Selain persoalan urgensi mega proyek IKNz publik juga diramaikan dengan soal nama IKN. Bahkan, pasca pengumuman nama IKN nusantara, bahasan di media menjadi sebatas menolak nama “nusantara” sementara substansi pemindahan IKN teralihkan. Sebenarnya soal naam itu juga menjadi point penting dalam isu pemindahan IKN, yakni bentuk, susunan dan urusan pemerintahan khusus IKN. Ini berisi mengenai pembahasan nama yang akan ditetapkan untuk IKN ini beserta pimpinannya dan kewenangan yang dimiliki IKN saat nantinya mulai dijalankan. 

Untuk nama IKN sendiri telah disepakati oleh Pansus RUU IKN dengan nama Nusantara. Sementara itu untuk statusnya adalah Pemerintah Daerah Khusus yang disebut otorita dan pimpin oleh Kepala Otorita. Kepala Otorita setara dengan Menteri yang nantinya akan dipilih dan dihentikan serta bertanggung jawab langsung kepada Presiden RI. Dengan masa jabatan selama lima tahun. 

Ada materi pokok UU IKN lainnya misalnya adalah: 

(1) Mengenai rencana pemindahan status IKN dari Jakarta ke Kalimantan Timur yang diharapkan bisa dilakukan pada Semester I-2024 sehingga Presiden bisa melaksanakan upacara HUT RI ke-79 IKN baru.
(2) RUU IKN berisi mengenai visi dan prinsip pengelolaan IKN. 
(3) Ada klaster cakupan wilayah pengelolaan. 
(4)  Rencana induk IKN. 
(5) Penataan ruang. 
(6) Hak pertanahan  diberikan hak pengelolaan.
(7) Lingkungan hidup, penanggulangan bencana dan pertahanan serta keamanan. 
(8), Skala prioritas kelembagaan  pemindahan  IKN. 
(9) Proses pemindahan Ibu Kota. 

Kembali ke soal nama, William Shakespeare pernah berkata: "That which we call a rose by any other name would smell as sweet,"  artinya kurang lebih, “Apalah arti sebuah nama? Andaikata kita memberikan nama lain untuk bunga mawar, ia tetap akan berbau wangi.” 

Nama itu bagi orang tertentu sangat penting. Jadi tidak bisa disepelekan. Soal nama ibu kota baru Nusantara tentu kita hargai pengusulnya. Namun, ternyata masih banyak yang tidak setuju dengan nama itu karena alasan tidak relevan, terlalu dipaksakan. 

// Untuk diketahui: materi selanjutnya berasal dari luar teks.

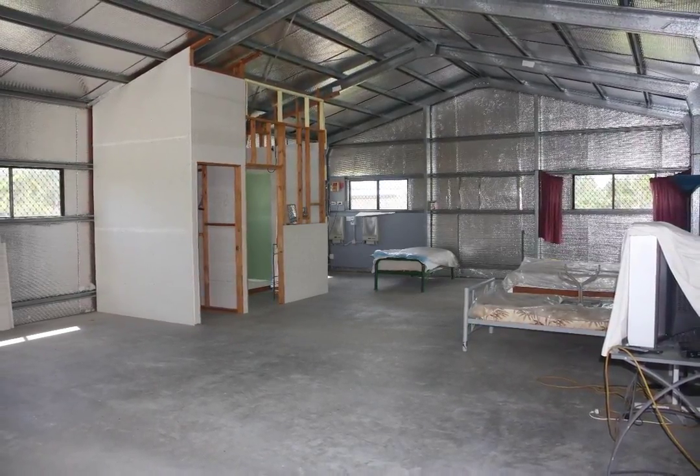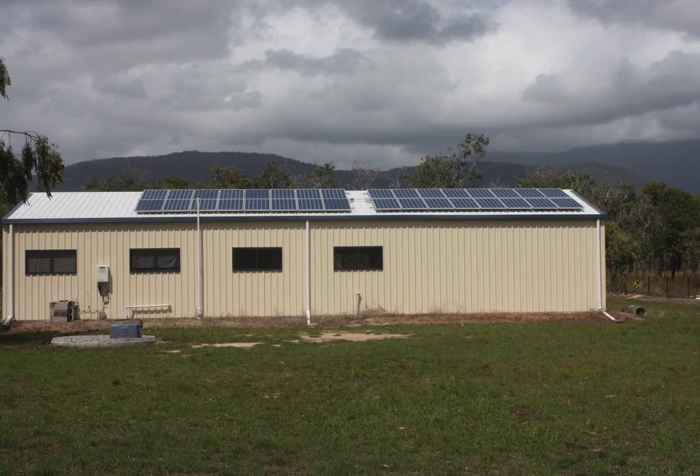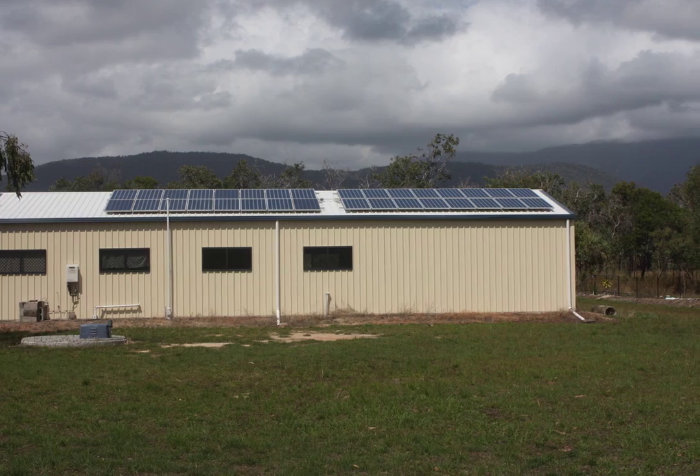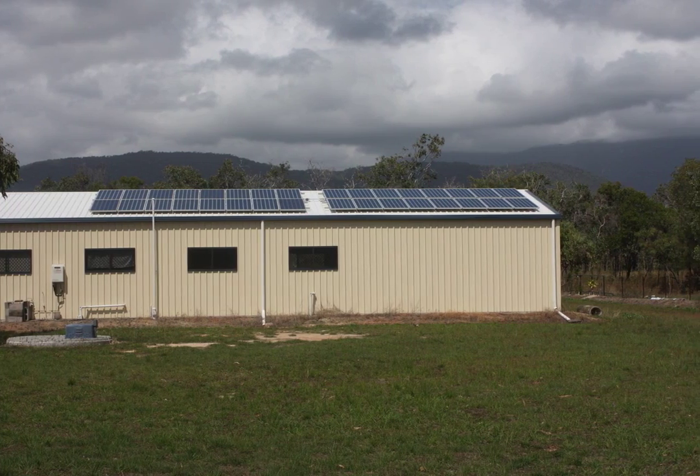Features include a 5kW solar system, fully plumbed and insulated shed, plus plumbing ready for a house. There is a shower and kitchenette in the shed, and the block is fully fenced.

Menurut saya nama itu juga penting. Kata nusantara sebenarnya buat nama kepulauan, jadi bukan nama suatu Kota (meskipun juga ada sumber yang menceritakan bahwa nama kota Nusantara itu pernah dipakai Kutai Kertanegara. Sementara itu ketika zaman  keemasan Kerajaan Majapahit kekuasaan Nusantara hingga mencapai Timor Leste, Malaysia, Kamboja, Brunei, Filipina, dan Vietnam Selatan. 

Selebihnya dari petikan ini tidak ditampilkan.